Tuesday, February 24, 2015

MOM was right and that is all that matters!

"Got to Give It Up" and "Blurred Lines", yea it's a big court case now, but what I wanna tell you is... the first time I heard "Blurred Lines" I told my family, "They ripped off Marvin Gaye!"

My family all said, "NO WAY. Which song?"

They then listened over and over to ole Marvin's song and then proceeded to tell me I was crazy. They even went so far as to call me old and to make fun of how I think people look alike and can't remember my own husband's name sometimes just because ONCE I texted a women I work with and asked her the name of the cat in the book we read in library that day in school. She told me she sat there looking at the text and just started laughing hysterically. Her boyfriend was like, "What the hell is wrong with you?" And she said to him as she texts me, "The cat's name is Pete. Isn't that your husband's name?" 

So I run through every child and grandchild's name until I get to the one I am calling. 

So, yea, I admit, I have called people and asked, "Ya know that time we were at Giant supermarket and that guy in the blue shirt asked me about those purple veggies and it made me think of that great recipe that old lady in NY used to make, ya know the one who lived down the street from Nana, the one who used to walk down the street if someone had strep throat with her flashlight, back in the day when no one called the doctor cuz it cost too much money to go to the doctor...what was I talking about?"

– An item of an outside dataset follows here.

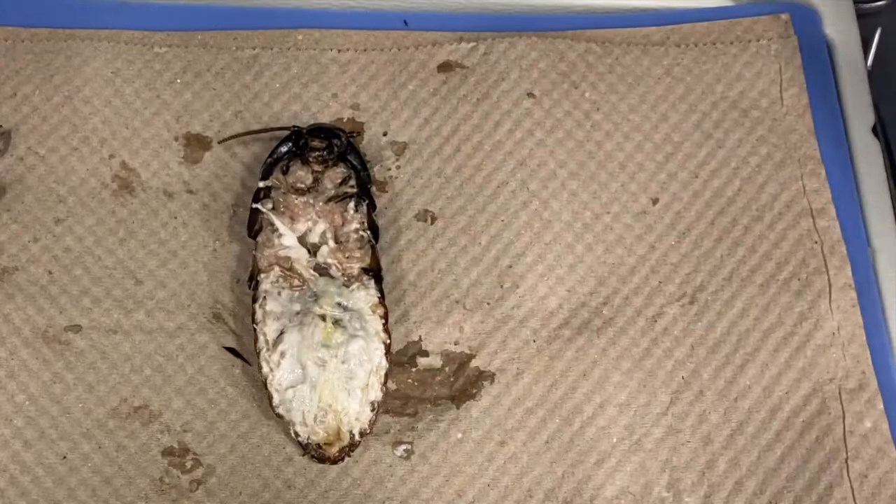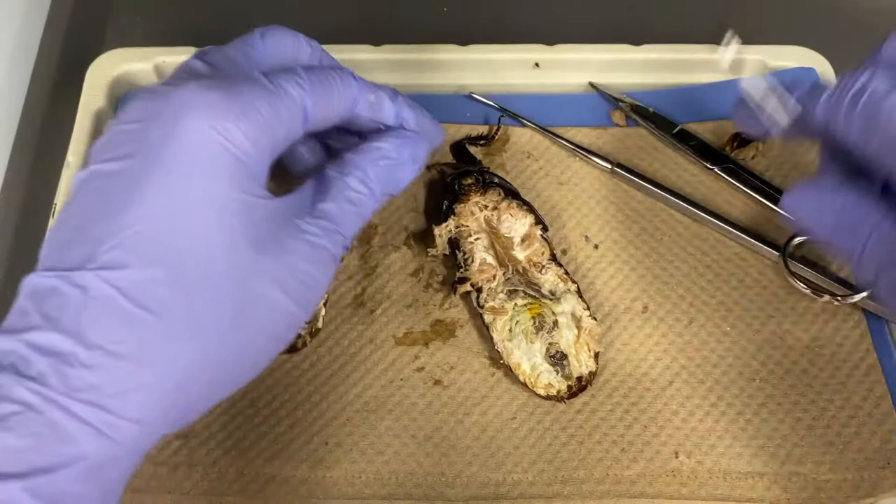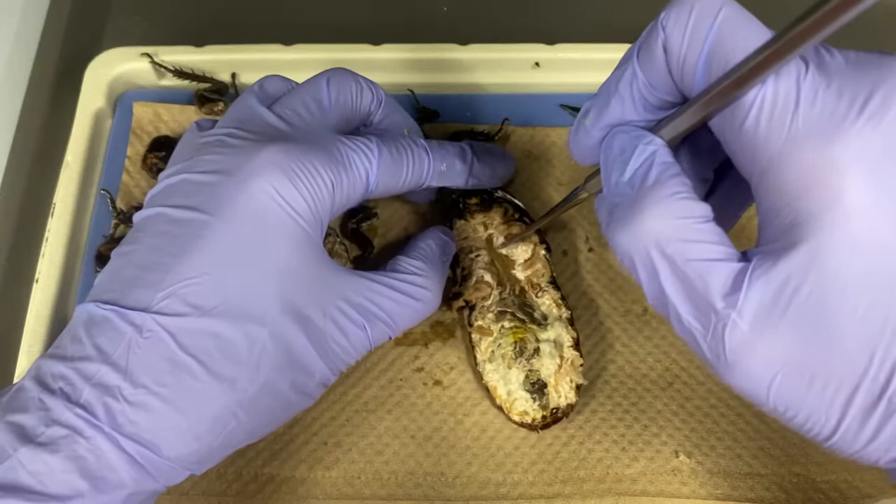The whitish matter surrounding the gut that is now visible is the fat body. If it makes things easier, you can use pins to secure the cockroach in place like this. Before removing the fat body, it is best to locate the other structures so as not to damage any of the organs.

So, yea, I called my daughter, Kaity, who is very musical, for a week straight humming, "da da dada, doo dat doo doo" and explaining that the DJ played it at Amber's wedding and how did she not remember and I know if she just heard the tune enough she would KNOW the song. "Da da dada, doo dat doo doo" come on! "Mom, I don't know!" "YES YOU DO KAITY!" And guess what? She eventually remembered, "At da Club" by Fifty Cents! And now because I relentlessly begged her to remember and then she remembered that is my husband's ring tone on his phone for me when I call him.

Yup, I am saying this court case is all about ME! It is vindication for all the years I have told people things and they don't believe me until someone on TV proves it to them!!

YOUR MOTHER IS RIGHT!!

You all have to say it every Sunday dinner for a MONTH! They owe me! Oh, the ridicule, the  humanity.

NOW, about that mixing up people. While it is true I thought the Director of Admissions and the President of the University that my husband worked at were the same man because they were Italian guys who always wore a suit. Thus making important dinners with the bigwigs very difficult for me and my husband because they both would not always be there. If they were side by side I was good. Alone, not so much. 

While it is true that I can describe people head to toe and tell you important things like where they work, how many kids they have and if they have a good soul, I probably cannot tell you their name. 

While all of that is true, it in no way takes away from the fact that .... wait for it....wait for it...

MOM WAS RIGHT!!! They ripped off Marvin Gaye.

And that is all that matters.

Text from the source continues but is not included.